Seit meinem letzten Beitrag sind einige Wochen vergangen. Aufgrund von gesundheitlichen Problemen hielt ich mich von den Brennpunkten der Taubenproblematik etwas ferner – besonders aus Diskussionen in Facebook & Co. Allerdings machte ich meine Spaziergänge, hielt die Augen auf und half wo ich nur konnte.

Insgesamt kann ich kaum Positives über den Verlauf der Dinge melden. Mein Brief an Oberbürgermeister Thomas Geisel wurde nicht beantwortet. Meines Wissens nach sind die Behörden vom Fütterungsverbot von Tauben nicht einen Millimeter abgerückt.

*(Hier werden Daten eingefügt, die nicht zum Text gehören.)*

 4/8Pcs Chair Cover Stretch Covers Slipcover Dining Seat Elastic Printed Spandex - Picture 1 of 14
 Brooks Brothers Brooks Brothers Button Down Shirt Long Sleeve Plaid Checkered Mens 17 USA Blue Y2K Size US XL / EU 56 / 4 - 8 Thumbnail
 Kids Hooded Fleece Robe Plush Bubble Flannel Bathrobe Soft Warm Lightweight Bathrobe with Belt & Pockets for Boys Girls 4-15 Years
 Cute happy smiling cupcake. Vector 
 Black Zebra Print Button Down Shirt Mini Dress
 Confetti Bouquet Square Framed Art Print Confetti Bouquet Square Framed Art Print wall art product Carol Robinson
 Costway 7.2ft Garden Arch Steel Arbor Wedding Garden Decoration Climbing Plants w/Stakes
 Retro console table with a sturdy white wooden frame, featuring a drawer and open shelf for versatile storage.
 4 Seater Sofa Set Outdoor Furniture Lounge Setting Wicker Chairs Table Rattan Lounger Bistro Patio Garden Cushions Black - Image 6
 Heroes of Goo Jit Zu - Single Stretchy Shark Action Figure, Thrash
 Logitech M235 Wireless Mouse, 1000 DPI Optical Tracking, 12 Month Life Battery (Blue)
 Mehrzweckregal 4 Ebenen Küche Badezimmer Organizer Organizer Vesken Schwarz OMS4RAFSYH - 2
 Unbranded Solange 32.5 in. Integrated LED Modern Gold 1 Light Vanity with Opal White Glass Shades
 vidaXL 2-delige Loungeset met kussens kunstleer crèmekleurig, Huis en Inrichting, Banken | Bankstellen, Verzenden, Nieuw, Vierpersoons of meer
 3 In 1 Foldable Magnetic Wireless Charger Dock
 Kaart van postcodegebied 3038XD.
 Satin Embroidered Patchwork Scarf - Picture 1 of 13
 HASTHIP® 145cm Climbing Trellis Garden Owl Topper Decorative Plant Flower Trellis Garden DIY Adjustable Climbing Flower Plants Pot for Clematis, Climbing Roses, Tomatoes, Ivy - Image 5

Trotz der Petitionen und Aufrufe von PETA, dem Deutschen Tierschutzbund und zahlreichen Aktivisten bleiben die meisten Stadtbehörden und Kommunen in Deutschland stur. Eine rühmliche Ausnahme machte Köln. Dort wurde das Fütterungsverbot gelockert. vielen Dank dafür!!!

Doch kaum denkt man positiver und hofft, dass Corona wenigstens wieder mehr menschliches Mitgefühl bei der Not der geflügelten Stadtbewohner bewirkt, da führt gleich ein kräftiger Schlag auf den Hinterkopf zur besseren Besinnung.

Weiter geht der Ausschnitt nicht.